## Exercise aim
Please write out exactly the lines from the one with "Detailed affiliate stats" through the end of the data below, both ends included, and omit any pictures.
---+---
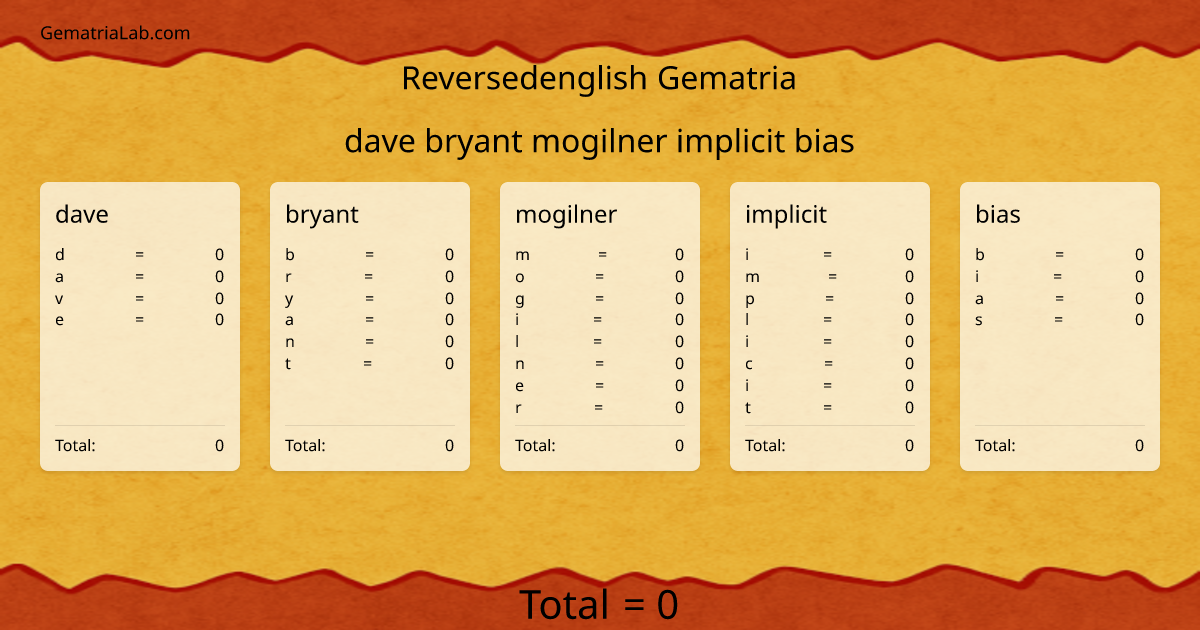 dave bryant mogilner implicit bias in reversedenglish Gematria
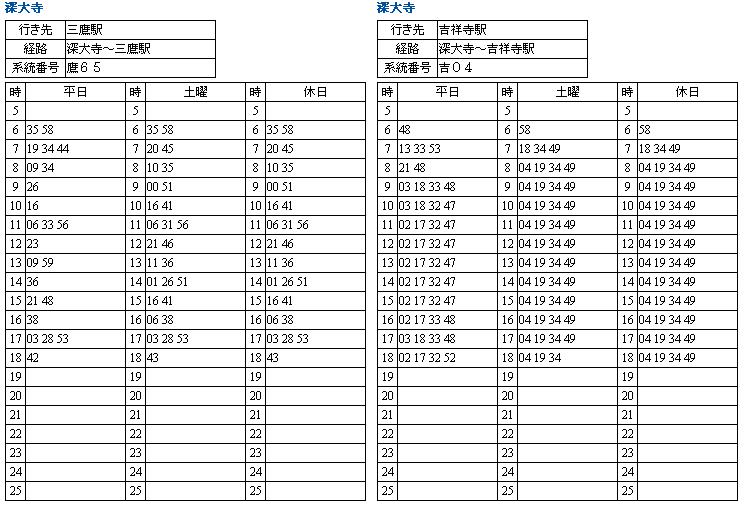 深大寺-吉祥寺和三鷹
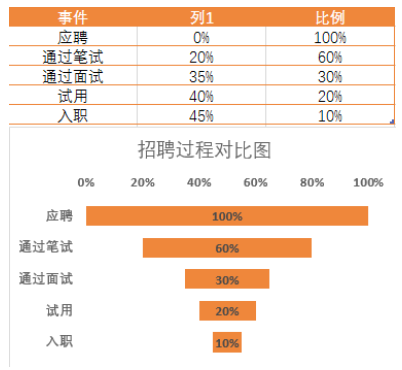 mpandroidchart y轴标签数量_坐标轴_11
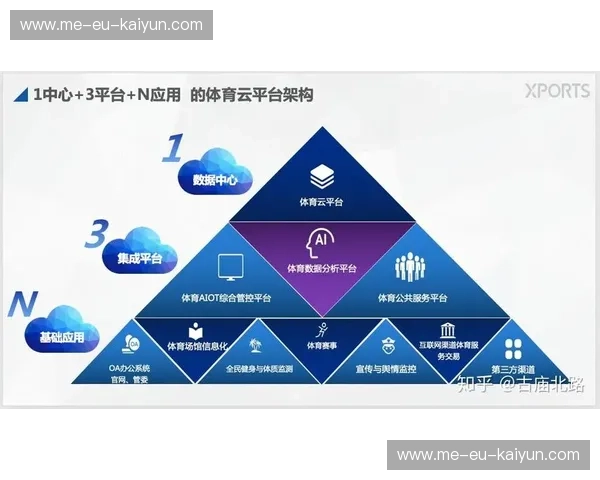 开云体育远射数据：以数据赋能射门的全景解码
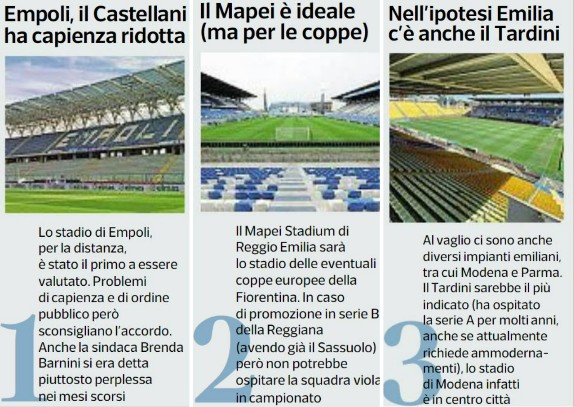 Stadio Franchi Inagibile Per Due Anni Dove Giocher La Fiorentina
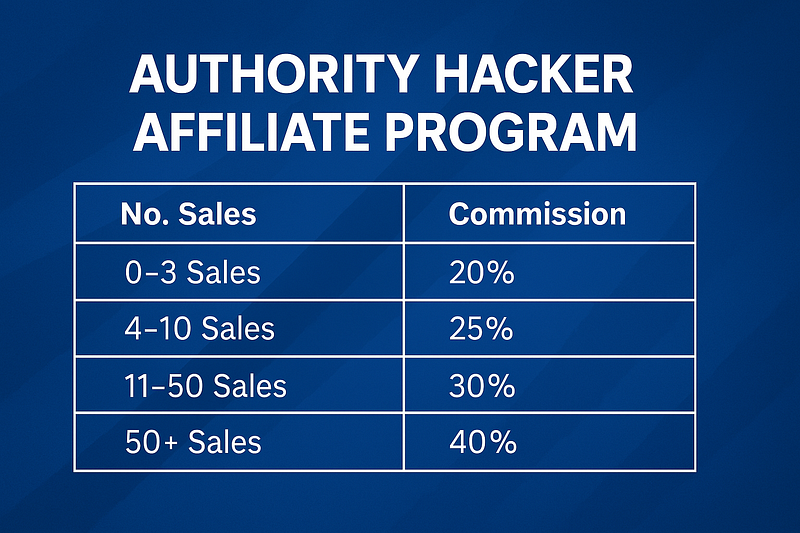 Detailed affiliate stats page from Wealthy Affiliate showing graph and commission breakdown.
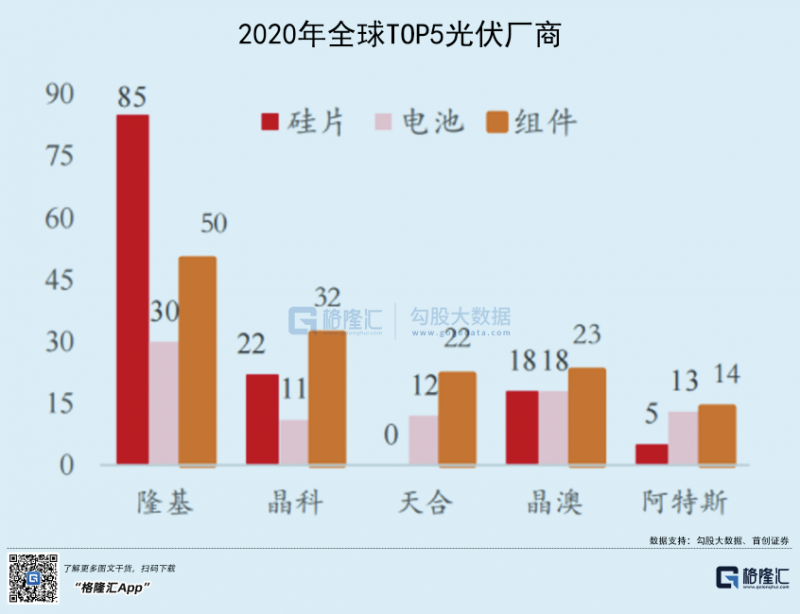 光伏行業(yè)“水深魚大”，各路資本紛紛“殺入”！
---+---
## Problem solution
 Detailed affiliate stats page from Wealthy Affiliate showing graph and commission breakdown.
 光伏行業(yè)“水深魚大”，各路資本紛紛“殺入”！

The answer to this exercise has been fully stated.